• WHAT IS EXPECTED
Copy out every line of the listing in which "Shirt" appears.

• STORED DATA
Start of Block

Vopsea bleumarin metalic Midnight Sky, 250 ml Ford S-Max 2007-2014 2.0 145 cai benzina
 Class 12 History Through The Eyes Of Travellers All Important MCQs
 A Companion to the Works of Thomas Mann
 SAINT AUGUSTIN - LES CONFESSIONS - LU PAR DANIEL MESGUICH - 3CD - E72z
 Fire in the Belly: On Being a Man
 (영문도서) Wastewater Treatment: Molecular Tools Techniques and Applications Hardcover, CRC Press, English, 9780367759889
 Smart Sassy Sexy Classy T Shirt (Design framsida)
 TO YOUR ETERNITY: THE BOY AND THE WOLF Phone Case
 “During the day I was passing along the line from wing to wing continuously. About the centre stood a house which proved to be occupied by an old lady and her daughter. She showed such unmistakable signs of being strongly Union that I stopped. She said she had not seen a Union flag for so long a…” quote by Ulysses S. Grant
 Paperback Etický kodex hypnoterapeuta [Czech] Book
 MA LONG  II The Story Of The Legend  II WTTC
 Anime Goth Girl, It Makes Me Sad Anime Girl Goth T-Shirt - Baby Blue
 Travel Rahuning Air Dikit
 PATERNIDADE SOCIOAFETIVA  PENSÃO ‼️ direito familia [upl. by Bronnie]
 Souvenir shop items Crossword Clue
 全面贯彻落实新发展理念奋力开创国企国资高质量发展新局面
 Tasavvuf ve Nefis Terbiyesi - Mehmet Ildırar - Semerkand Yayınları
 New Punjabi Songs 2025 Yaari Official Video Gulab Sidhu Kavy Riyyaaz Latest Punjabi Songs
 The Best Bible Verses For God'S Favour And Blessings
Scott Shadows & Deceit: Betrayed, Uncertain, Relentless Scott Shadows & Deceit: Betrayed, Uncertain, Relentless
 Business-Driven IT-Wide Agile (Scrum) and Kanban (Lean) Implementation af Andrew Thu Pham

End of Block

• EXPECTED ANSWER
 Smart Sassy Sexy Classy T Shirt (Design framsida)
 Anime Goth Girl, It Makes Me Sad Anime Girl Goth T-Shirt - Baby Blue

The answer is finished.